Lack of maintenance 

Keeping your yard looking fresh is just as important as making sure it’s designed well in the first place, says Jenny Jones, senior landscape designer at Terremoto Landscape Architecture. She calls weeding free stress relief, but “if you don’t have time to take care of your own garden, please know the value of a well-trained and well-paid gardener,” she says. 

Credit: Foras Studio

Going too big

“Subtlety is okay,” says Jones. “Don’t be seduced by showy plants you see on the internet or at the nursery. We see a lot of gardens populated with plants that are inappropriate, either because they are invasive, poisonous, or are simply out of context.” Feather grass and fire sticks may be beautiful, but they don’t belong in your garden, she says—feather grass is invasive, and the sap from the aptly-named fire stick can leave you burned. 

Heavy-handed pruning

“Pruning is an art,” says Jones. And just like trimming bangs, it’s easy to take off too much too fast. “We cringe when we see natives sheared like boxwood, plants that are cut back so they don’t intermingle, and trees that are rudely trimmed,” she says. “Take your time and be thoughtful about it.”

Credit: Sotheby's

Idolizing Pinterest

Jones is anti-pinning. While Pinterest can be great for inspiration, those images are divorced from the reality of your home and your climate. “Good design looks at the space and the house and the climate, sees the vibe,” says Isabelle Dahlin, the woman behind the design studio Dekor, which does landscape design as well as interior design and staging. “Then you choose plants accordingly.”

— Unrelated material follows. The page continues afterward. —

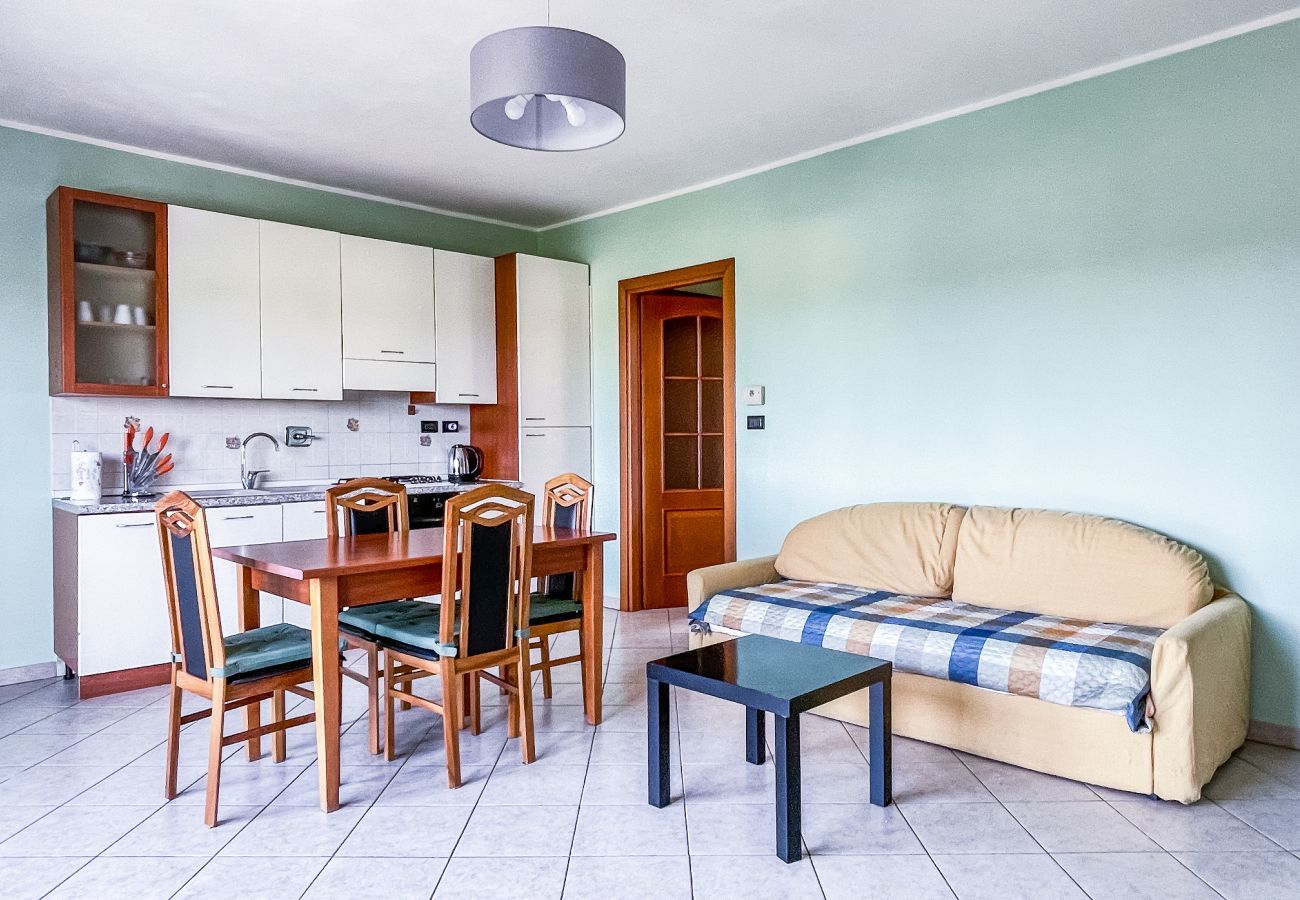 Living room/Kitchen MYHOUSE INN TORINO -Solo Affitti Brevi Apartment in Collegno - MYHOUSE INN TORINO 1 - Affitti Brevi Italia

Planting for now and not for the future

It’s all about the “big reveal” in landscape design, says Dahlin. And that “big reveal” doesn’t come right away, or even shortly thereafter, she says: “People want it to be so perfect when you install, but you have to give it six months to grow.”

Credit: shippee

Mixing too many colors

All too often, homeowners do too much color mixing in both their hardscaping and landscaping, says Dahlin. One no-no is using warm woods with cool stone. “People don’t think about how the stone will look,” says Dahlin. In terms of your plants, “try to keep the palette to three,” she says. 

Going with one-hit wonders

Dahlin encourages people to repeat plants across the landscape: “You can do six of one, and six of the other.” What you shouldn’t do, she says, is plant just one of something. It’s also a pet peeve of Marc Delouvrier, senior landscape architect at AECOM. “It all comes back to continuity and design,” he says. “People do one-offs, and it does the design a disservice. The item could be really cool, maybe, if there was more of it.”